§ **Dataset section**
---------------
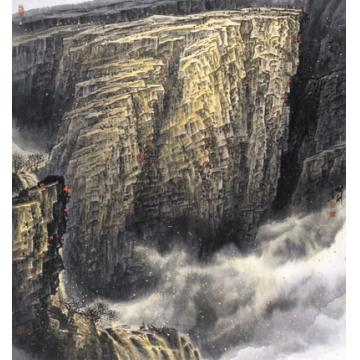 王世利国画山水岩崖峥嵘字画之家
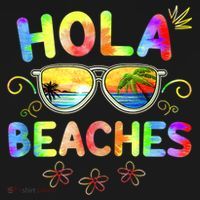 Hola Beaches Tie Dye Funny Beach Vacation Summer Sweatshirt thumb 3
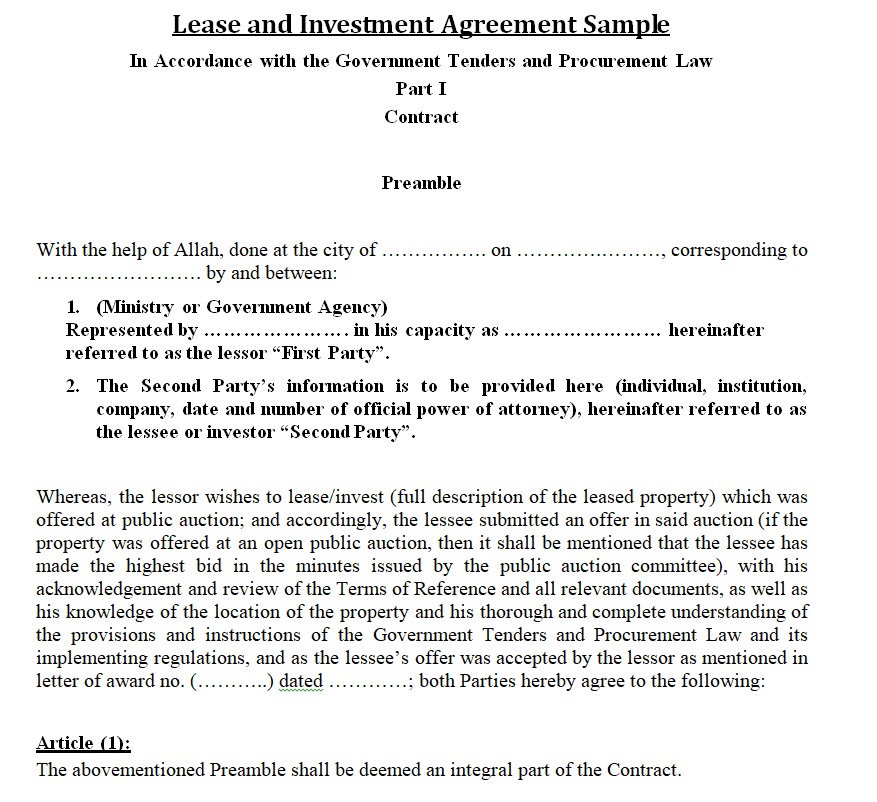 Lease and Investment Agreement Sample DOC — downloadable template preview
---------------
§ **Problem to work on**
Please give all of the data again, exact and free of pictures.

§ **Answer section**
 王世利国画山水岩崖峥嵘字画之家
 Hola Beaches Tie Dye Funny Beach Vacation Summer Sweatshirt thumb 3
 Lease and Investment Agreement Sample DOC — downloadable template preview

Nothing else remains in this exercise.